The UN study about the extent, nature and causes of violence against children was launched by UN Secretary-General Kofi Annan in February 2003. The final report will recommend action that could be taken by the UN system, the member states and civil society.

At the end of 2005, UNHCR was concerned with 20.7 million people, about half of them children under the age of 18. When the UN refugee agency was asked to send a participant to the New York meeting, Mariam's experiences made her an ideal spokesperson. Some of the millions of refugee children may have suffered more, but most of the world's billions of children have never faced the struggle to survive that she and her family have been through.

Mariam had participated in a UNHCR study carried out for the UN investigation of violence against children in Angola, Zambia and South Africa.
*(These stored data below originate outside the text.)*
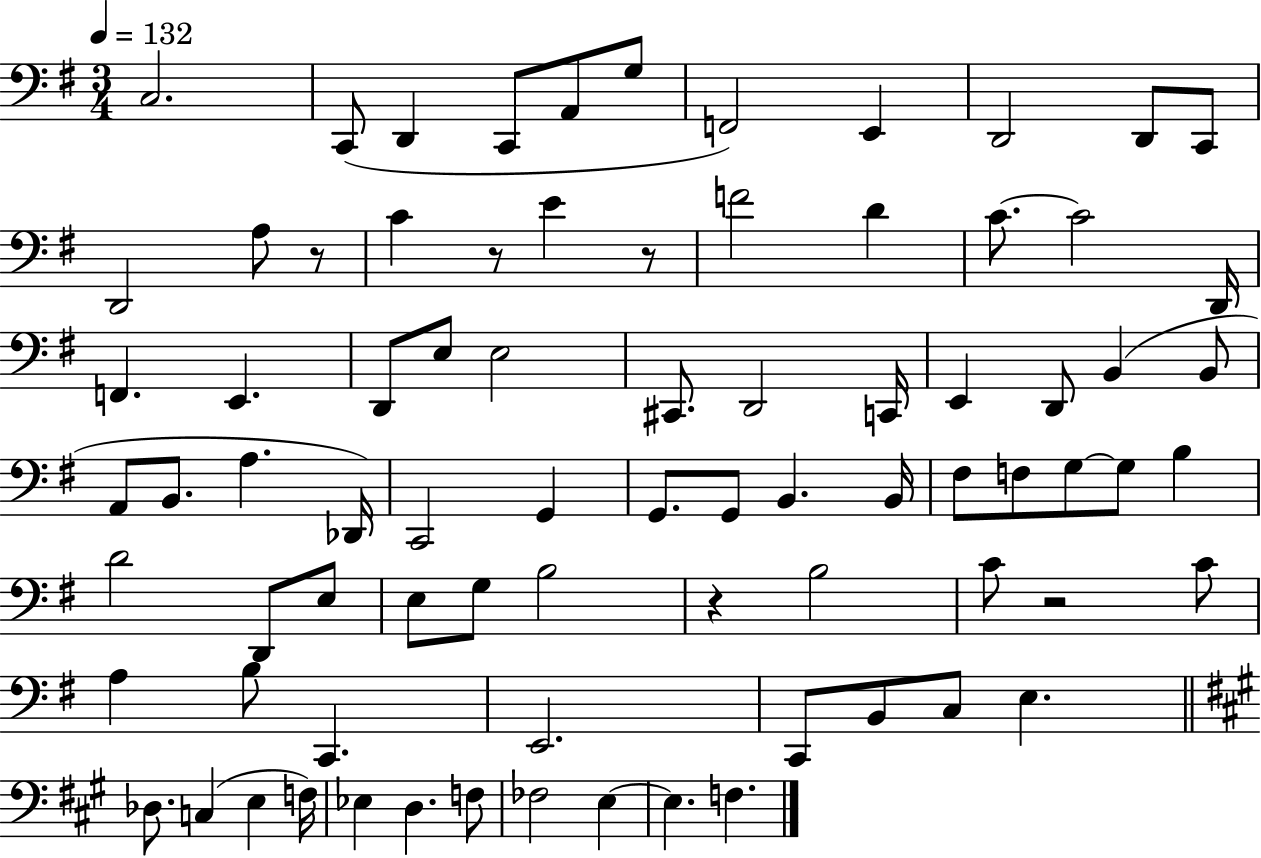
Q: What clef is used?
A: bass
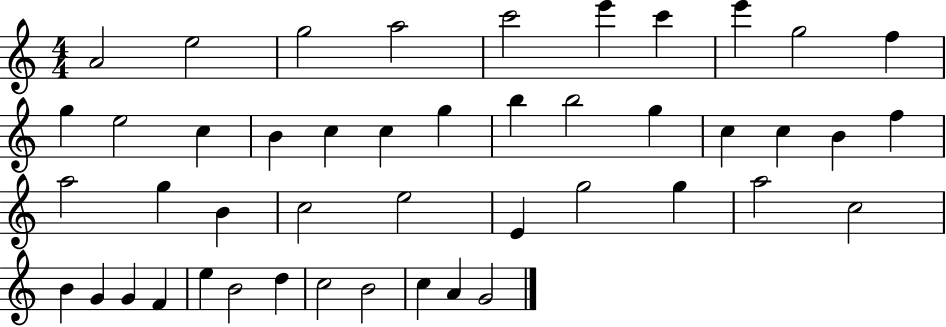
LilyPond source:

{
  \clef treble
  \numericTimeSignature
  \time 4/4
  \key c \major
  a'2 e''2 | g''2 a''2 | c'''2 e'''4 c'''4 | e'''4 g''2 f''4 | \break g''4 e''2 c''4 | b'4 c''4 c''4 g''4 | b''4 b''2 g''4 | c''4 c''4 b'4 f''4 | \break a''2 g''4 b'4 | c''2 e''2 | e'4 g''2 g''4 | a''2 c''2 | \break b'4 g'4 g'4 f'4 | e''4 b'2 d''4 | c''2 b'2 | c''4 a'4 g'2 | \break \bar "|."
}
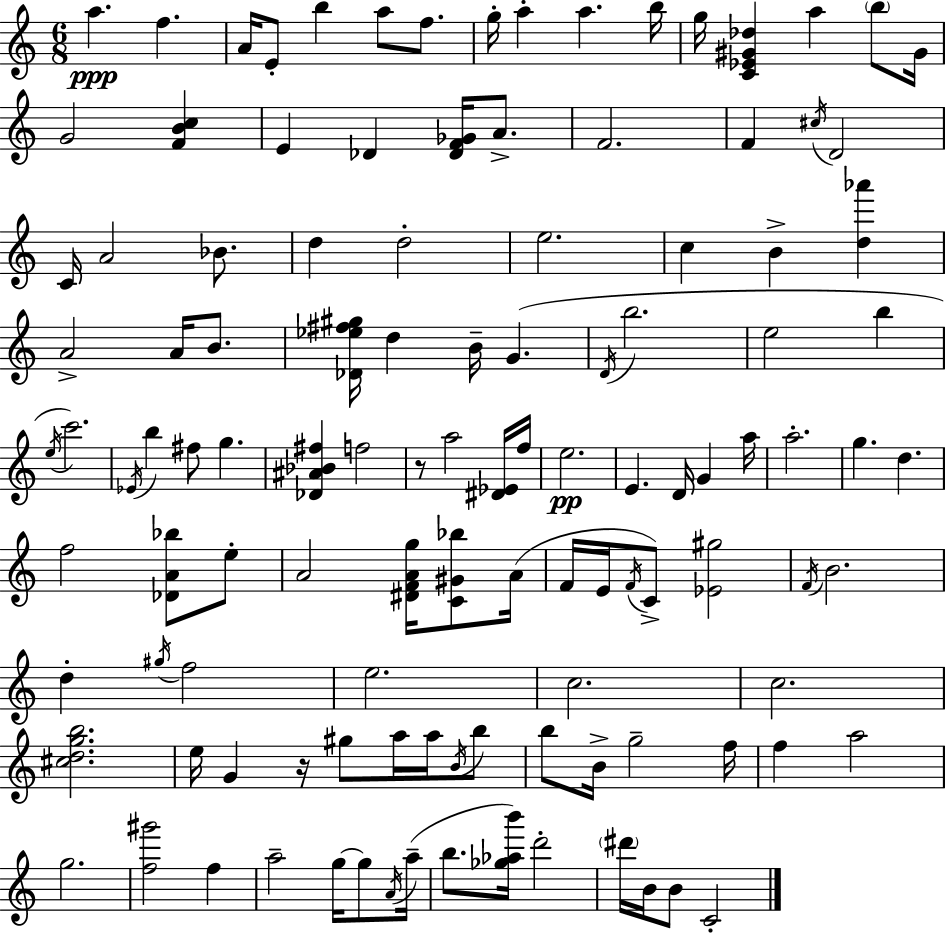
A5/q. F5/q. A4/s E4/e B5/q A5/e F5/e. G5/s A5/q A5/q. B5/s G5/s [C4,Eb4,G#4,Db5]/q A5/q B5/e G#4/s G4/h [F4,B4,C5]/q E4/q Db4/q [Db4,F4,Gb4]/s A4/e. F4/h. F4/q C#5/s D4/h C4/s A4/h Bb4/e. D5/q D5/h E5/h. C5/q B4/q [D5,Ab6]/q A4/h A4/s B4/e. [Db4,Eb5,F#5,G#5]/s D5/q B4/s G4/q. D4/s B5/h. E5/h B5/q E5/s C6/h. Eb4/s B5/q F#5/e G5/q. [Db4,A#4,Bb4,F#5]/q F5/h R/e A5/h [D#4,Eb4]/s F5/s E5/h. E4/q. D4/s G4/q A5/s A5/h. G5/q. D5/q. F5/h [Db4,A4,Bb5]/e E5/e A4/h [D#4,F4,A4,G5]/s [C4,G#4,Bb5]/e A4/s F4/s E4/s F4/s C4/e [Eb4,G#5]/h F4/s B4/h. D5/q G#5/s F5/h E5/h. C5/h. C5/h. [C#5,D5,G5,B5]/h. E5/s G4/q R/s G#5/e A5/s A5/s B4/s B5/e B5/e B4/s G5/h F5/s F5/q A5/h G5/h. [F5,G#6]/h F5/q A5/h G5/s G5/e A4/s A5/s B5/e. [Gb5,Ab5,B6]/s D6/h D#6/s B4/s B4/e C4/h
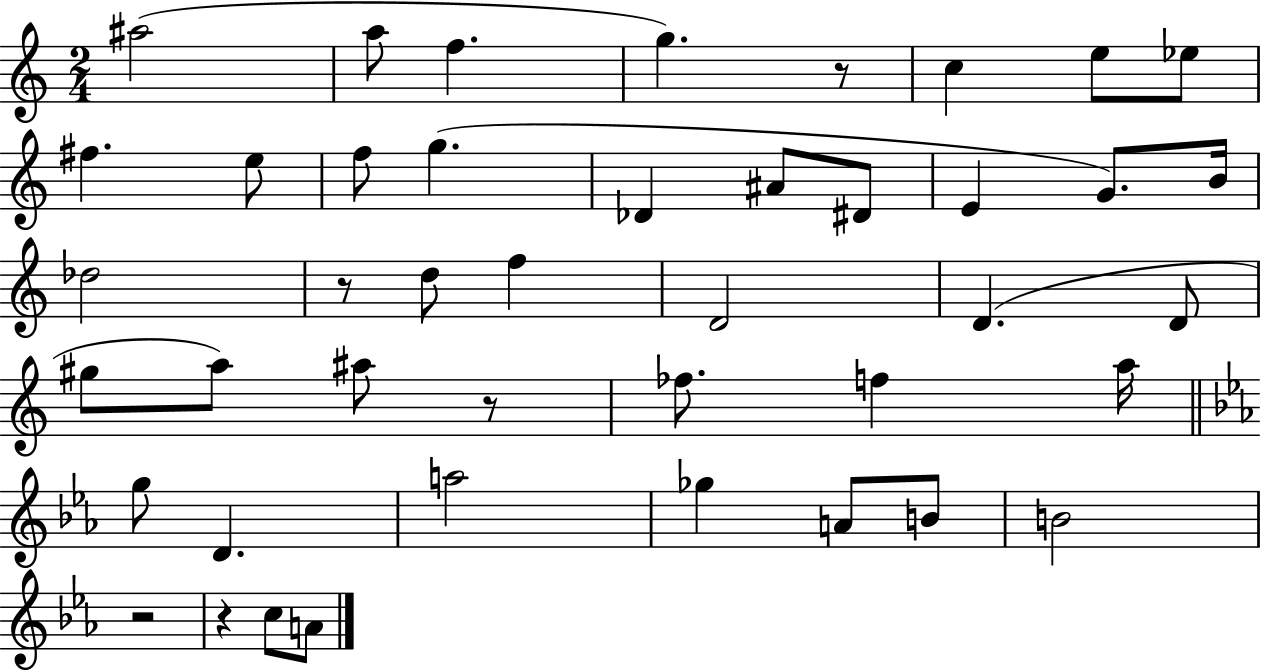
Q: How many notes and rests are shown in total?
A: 43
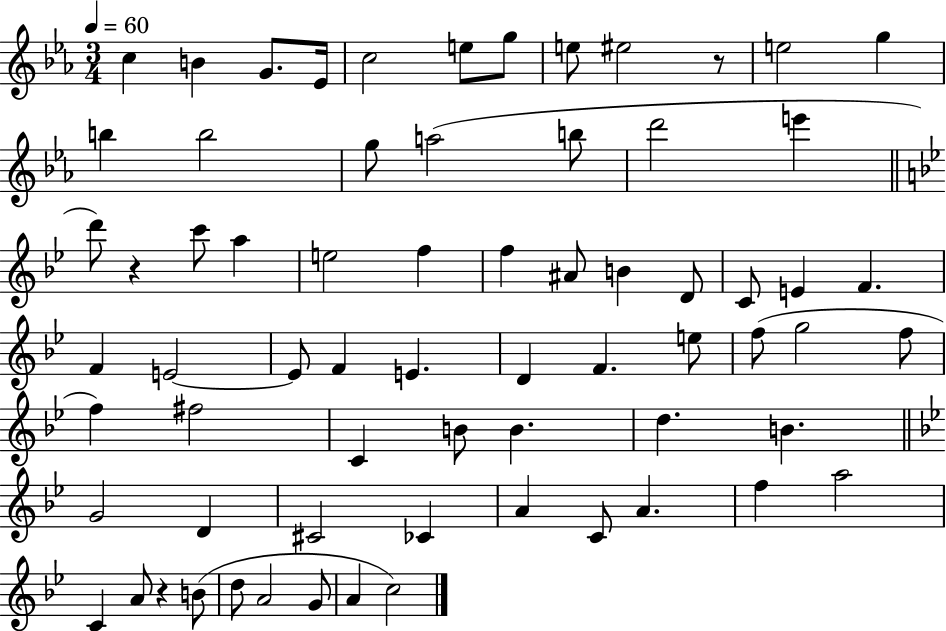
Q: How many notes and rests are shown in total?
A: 68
Part of that involved a psychosocial project in which children made paintings to express their experiences: life before they became refugees, the trauma of becoming a refugee, and life in the countries that gave them sanctuary. The children's suggestions for preventing the violence were taken to the New York meeting.

Their pictures revealed the frightening past that brought the children to South Africa, including images of bodies and flying bullets. But problems are not always over for children when they reach a safe country - they just face different ones.

After their arrival in South Africa, the Jesuit Refugee Service started caring for Mariam and her sisters when there was concern about living conditions. The agency, which works with UNHCR, placed the girls with a foster family until their father finally traced them and phoned from his hiding place in Kinshasa.

"After two years without hearing the voice of our children, I was asking forgiveness, first from those who protected my children and then from my family. I was crying so much," Mariam's father Mikobi Kwete recalls. "I didn't think I would ever find my children alive."

In a country where the government and UNHCR run anti-xenophobia campaigns to counter prejudice against foreigners, the Kwete family could serve as a model of the benefits refugees can bring to South Africa: educated, hardworking and determined to see their six children succeed. "I want to stay in South Africa," says Mikobi Kwete. "I have given enough of my life to my country. I have to prepare the lives of my children."

The former prosecutor arrived in South Africa soon after his tearful conversation with his children. Penniless, they initially lived in one room. Mikobi Kwete could only find work as a poorly paid night watchman.

Gradually, he found better paid guard positions and worked at improving his English. He found extra work translating and writing letters for others from the French-speaking Congo who are in South Africa. Now he is earning a modest but steady income providing documents for other Congolese and is hoping for a scholarship to add a South African law degree to his Congolese credentials.

A month ago the Kwete family moved to a comfortable three-bedroom house in a quiet Johannesburg street, leaving the crime-infested area where they had previously lived. New curtains were added this week with the money Mariam saved from the allowance given for her trip to New York.